Supplied material –
+--
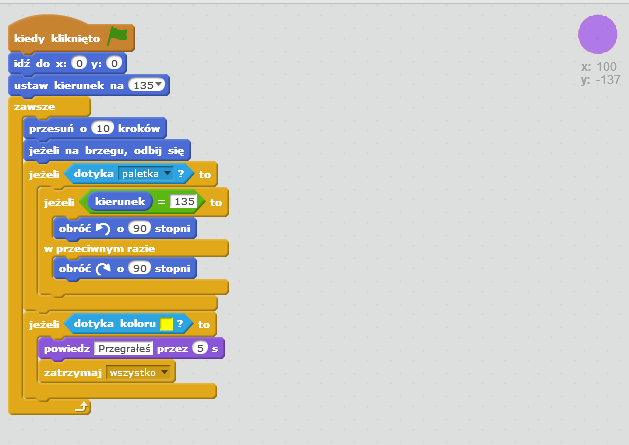 Scratch 2 Po Polsku Do Pobrania Scratch ZKPIG 6: Odbijanie piłeczki - lekcja
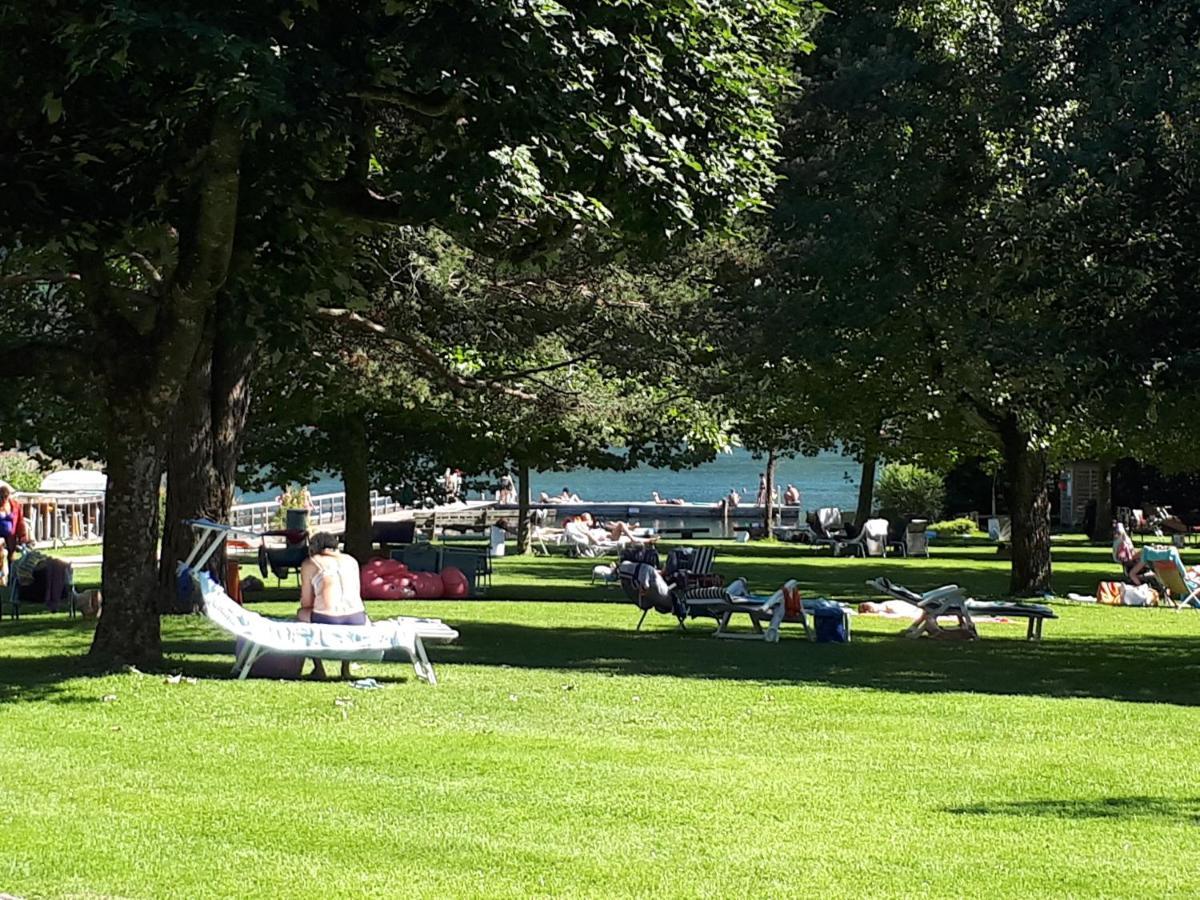 Kaspar Haus Kmb Seeblick Appartement Am Ossiacher See Mit Direktem Seezugang, Hallenbad Bodensdorf Εξωτερικό φωτογραφία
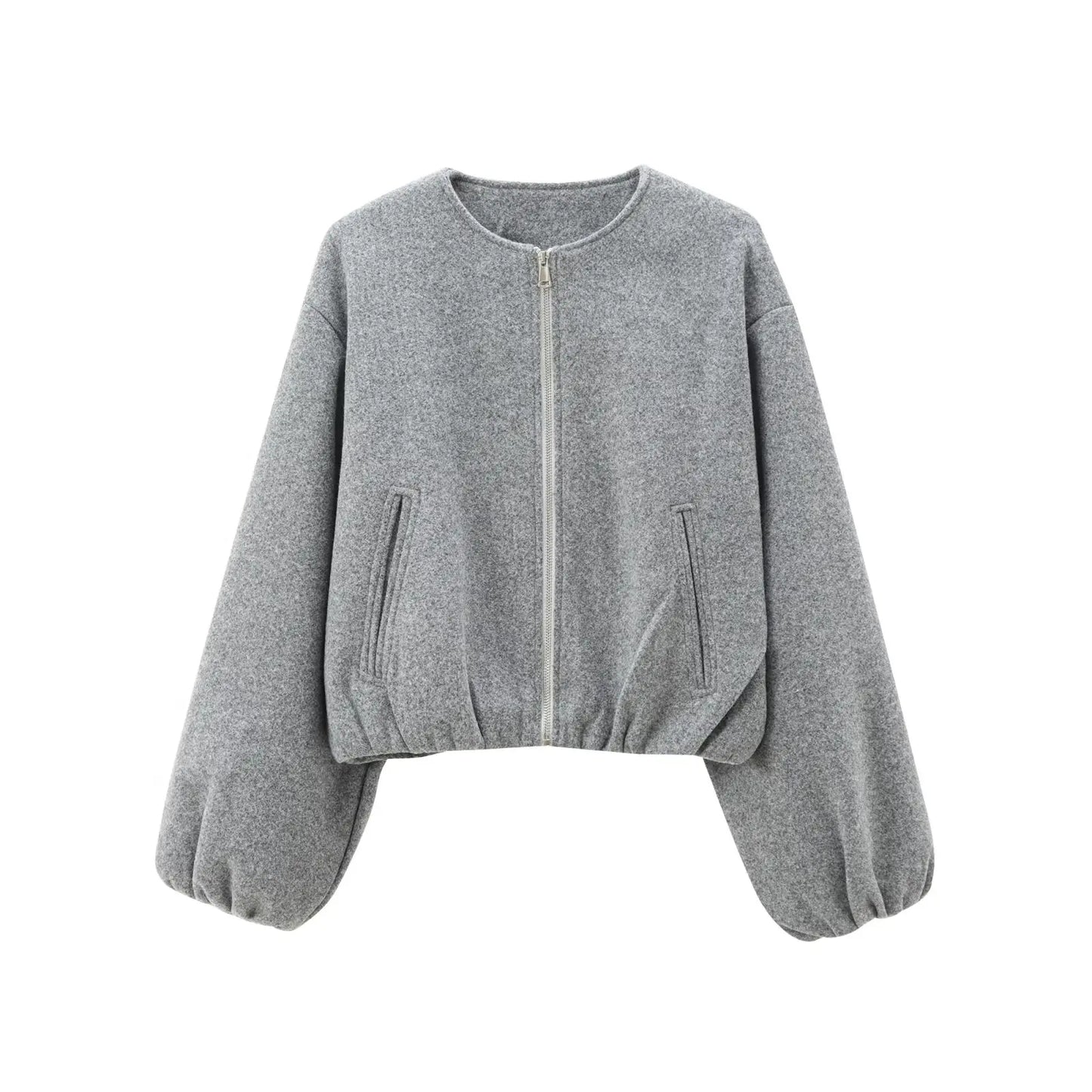 Red Zipper Bomber Jackets for Women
+--
Problem description – Copy the data exactly. Pictures do not belong in the copy.

Task result –
 Scratch 2 Po Polsku Do Pobrania Scratch ZKPIG 6: Odbijanie piłeczki - lekcja
 Kaspar Haus Kmb Seeblick Appartement Am Ossiacher See Mit Direktem Seezugang, Hallenbad Bodensdorf Εξωτερικό φωτογραφία
 Red Zipper Bomber Jackets for Women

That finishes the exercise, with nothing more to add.